Fast forward many moons later, I’m back in this space today but this time around it’s very different.
I very unexpectedly and suddenly lost my father recently. It has shocked my system and world in a way that I am unable to understand and put into words in this moment. I know it will take me a while to comprehend and find the words to express what I am navigating.
But here is what I do know of what I learnt this time around and strongly feel the desire to share this experience so hopefully it will help guide others.
Grieving is human and we MUST allow ourselves the time and space to do so, whenever it comes up.
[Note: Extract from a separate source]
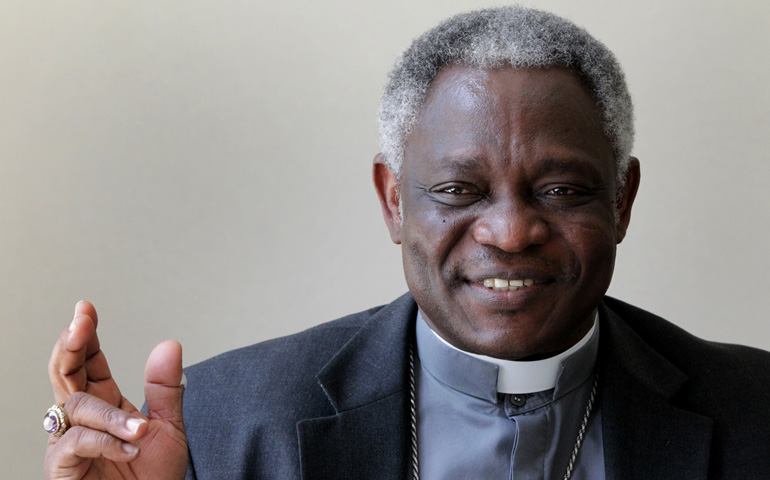 Ghanaian Cardinal Peter Turkson in 2011. (CNS/Bob Roller)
Vulnerability is front and center here. Of course, we stick to boundaries but first and foremost, you have to admit and express that you are sitting in a very raw and soft space.
Sharing with your community the truth of what you are navigating is important during this time.
It does not make you a less strong or a less deserving leader if you ask for time off, take a half day, or go for a walk to call someone to help you cry and feel. Releasing and letting the emotion run through is crucial. If not, it builds up an anxiety from within that is so much more painful and can be debilitating. If you do not let it move through you, you may also turn very reactive and that is not kind to yourself or your team.
The more you try to numb, push down and not feel these intense and overwhelming emotions, the harder it is going to be for you to dance through the rest of your day.
Take any of these steps is you showing up for yourself first.
Go slow. Make plans and then cancel them if you don’t have the energy. It’s ok, your community will understand.
Write, create, express, move, run - do something or many things to help you move the emotions through you.
Nourish yourself - hydrate, eat, sleep, rest. All of these are your life line.
Hold yourself, ask for hugs, call a friend or colleague.
Ask for support - you may not know what you need in each moment but when it does come up and you need someone to step in, ask for what you need. I assure you that your community and team really wants to help you and be there for you - the same way that you hold space for them.
Grief is really powerful and each one of us will go through all different moments, shapes and forms of grief within our lifetime and careers. What’s important is to honor it - whether you are the one grieving or your colleague is.